Exact reproduction required: the lines below from the line with "Modern 3br *" to the line with "Mahalle muhtarı Toprak'tan", both ends included, and no others.

Supplied data
+ + + +
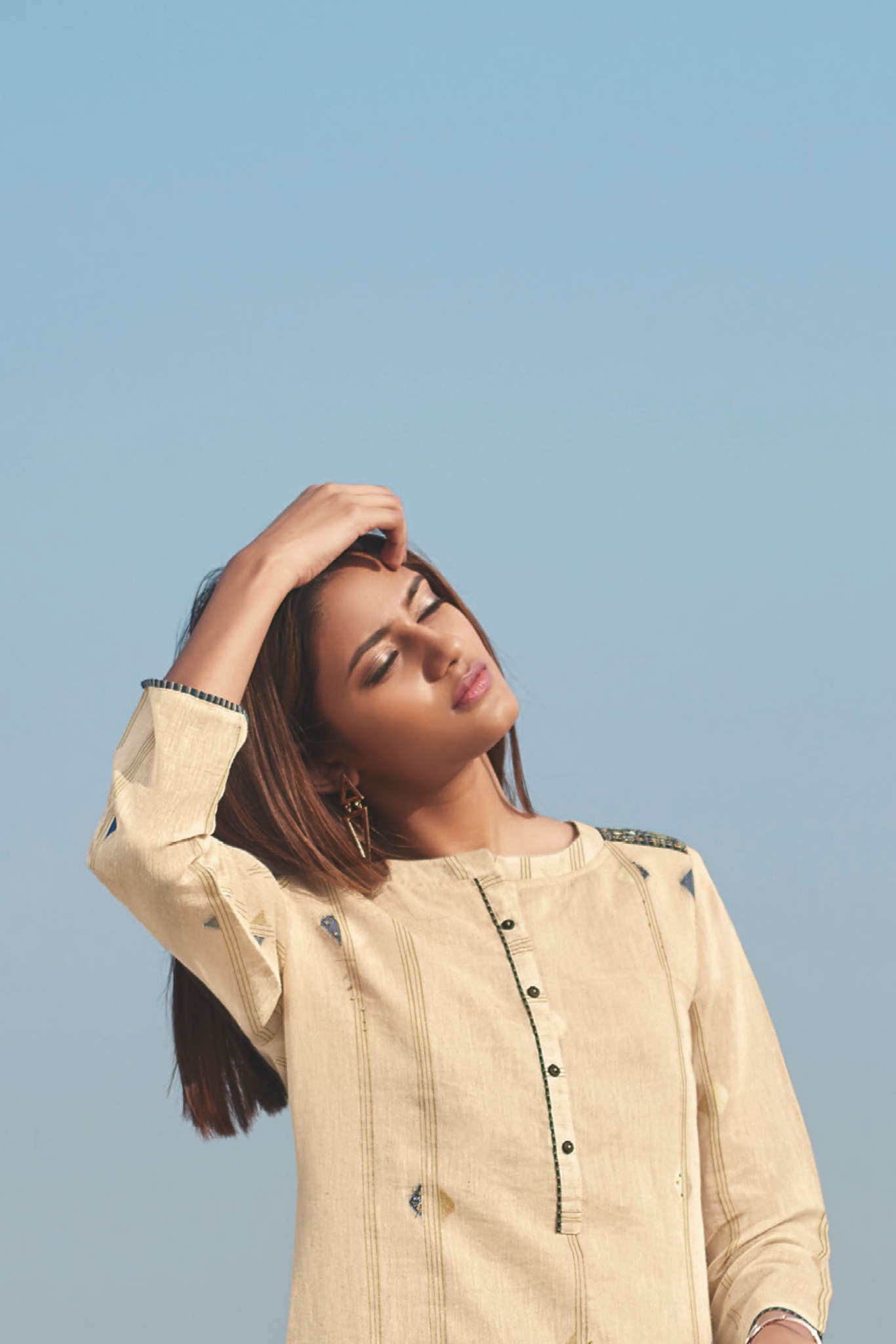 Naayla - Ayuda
+ + + +
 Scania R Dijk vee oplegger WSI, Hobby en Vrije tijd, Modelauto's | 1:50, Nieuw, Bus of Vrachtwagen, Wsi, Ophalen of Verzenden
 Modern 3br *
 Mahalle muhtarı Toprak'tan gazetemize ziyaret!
+ + + +
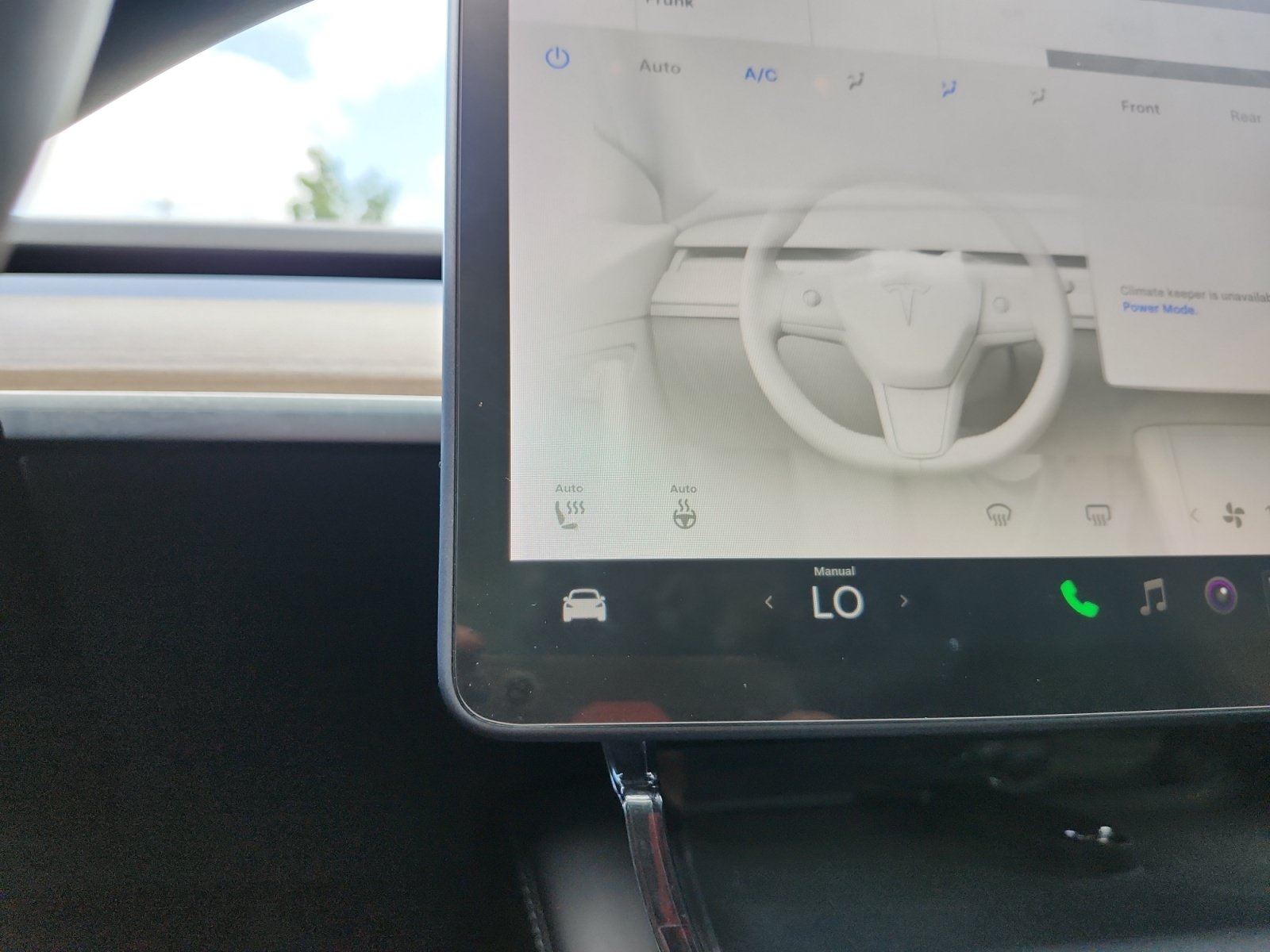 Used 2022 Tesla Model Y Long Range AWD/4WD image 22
+ + + +
Response box
 Modern 3br *
 Mahalle muhtarı Toprak'tan gazetemize ziyaret!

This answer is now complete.